MOSCOW, September 17 (RIA Novosti) - South Africa may experience both major droughts and severe rainfall, causing damage to the country's biodiversity, infrastructure and tourist industry, the United Nations' meteorological agency warned in a new video Wednesday.
"Temperatures are expected to drop, leading to cold weather along the Western Cape coastline. We are expecting that most of the time there will be an 80% chance of showers, but in some places, such as the Northern Cape province, hot and dry conditions are expected. You will see a similar trend in the Eastern Cape province, as it gets much drier," the forecaster says in the video that shows how weather forecasts may look like in 2050, as the effects of climate change become more prominent.
Hot and dry conditions in the country's east could cause field fires and damage to crops, while the severe rainfall in the northeastern regions could flood tourist areas and cut off infrastructure, causing much economic loss. The changes in climate could also cause great damage to the regions' biodiversity.
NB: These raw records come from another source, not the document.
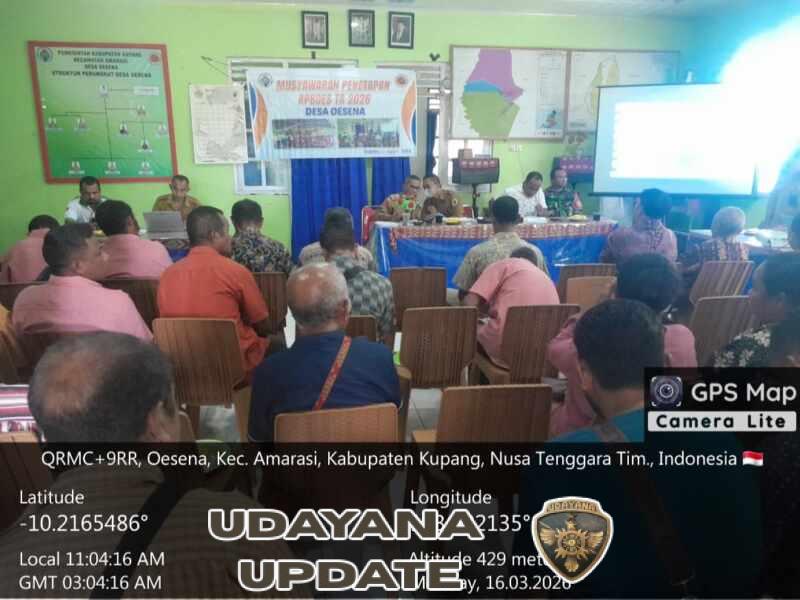Babinsa Oesena Hadiri Musdes Penetapan APBDes Tahun 2026
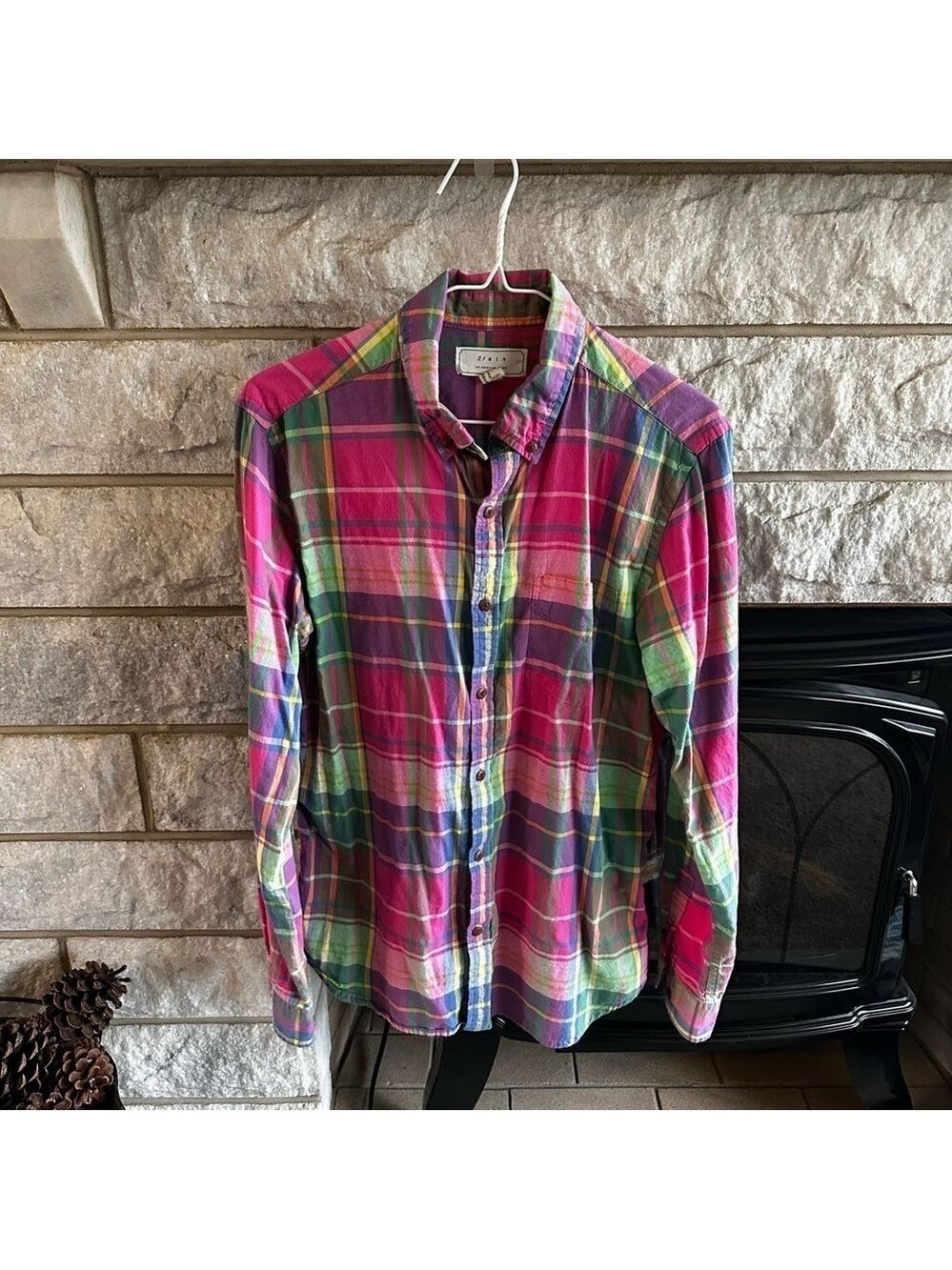 21men American Brand Plaid Men’s Shirt Pink Yellow Blue Medium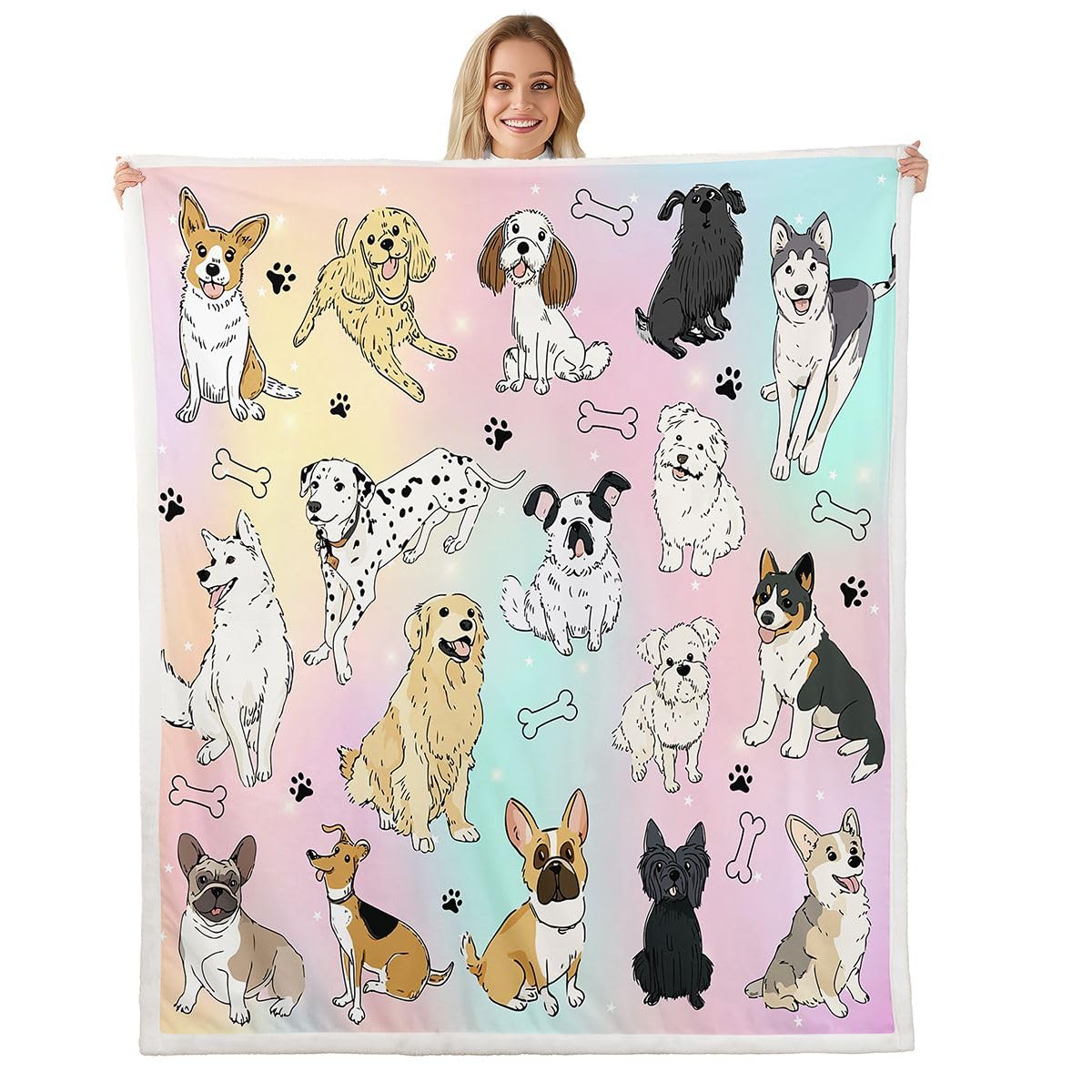 Couverture polaire chien mignon en peluche légère isolante et ultra douce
"The heavy rainfall could lead to road accidents and flooding in homes and it could also lead to vulnerable communities becoming even more vulnerable," the presenter informs.
The World Meteorological Organization (WMO) launched its series of "weather forecasts from the future" on September 1 to raise awareness before this year's UN Climate Summit, which is set to take place on September 23.
A total of 14 forecasts from different countries are to be released before the summit. The reports are presented by real-life television weather forecasters.
Previously released videos warned of storm surges in Japan and the Philippines, coastal floods in the US and both floods and droughts in Brazil. Countries as far away as Burkina Faso and Denmark presented similar forecasts, with thunder storms, risk of flooding and temperatures rising up to 40°C.
According to the WMO, these devastating scenarios are based on "the most up-to-date climate science" and show a compelling picture of what weather forecasts could look like in just 36 years if the world fails to take action against climate change.